● **DATA**:
^^^^^^^^

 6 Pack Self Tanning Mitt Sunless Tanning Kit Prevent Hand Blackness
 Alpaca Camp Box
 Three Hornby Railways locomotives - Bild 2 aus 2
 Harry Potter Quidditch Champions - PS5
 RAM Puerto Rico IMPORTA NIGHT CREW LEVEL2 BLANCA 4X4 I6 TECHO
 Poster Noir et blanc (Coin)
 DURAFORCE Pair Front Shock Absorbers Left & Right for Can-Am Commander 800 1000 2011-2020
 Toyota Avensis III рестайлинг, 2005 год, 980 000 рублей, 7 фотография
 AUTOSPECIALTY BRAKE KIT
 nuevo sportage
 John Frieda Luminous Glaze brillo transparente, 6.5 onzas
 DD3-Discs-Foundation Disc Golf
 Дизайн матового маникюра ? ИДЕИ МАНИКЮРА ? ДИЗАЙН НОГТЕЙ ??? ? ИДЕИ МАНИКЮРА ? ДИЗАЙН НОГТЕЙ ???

^^^^^^^^

● **BRIEF**:
Set down exactly the lines beginning at the one that holds "Poster Noir et blanc (Coin)" and ending with the last line of the data.

● **RESULT OF THE TASK**:
 Poster Noir et blanc (Coin)
 DURAFORCE Pair Front Shock Absorbers Left & Right for Can-Am Commander 800 1000 2011-2020
 Toyota Avensis III рестайлинг, 2005 год, 980 000 рублей, 7 фотография
 AUTOSPECIALTY BRAKE KIT
 nuevo sportage
 John Frieda Luminous Glaze brillo transparente, 6.5 onzas
 DD3-Discs-Foundation Disc Golf
 Дизайн матового маникюра ? ИДЕИ МАНИКЮРА ? ДИЗАЙН НОГТЕЙ ??? ? ИДЕИ МАНИКЮРА ? ДИЗАЙН НОГТЕЙ ???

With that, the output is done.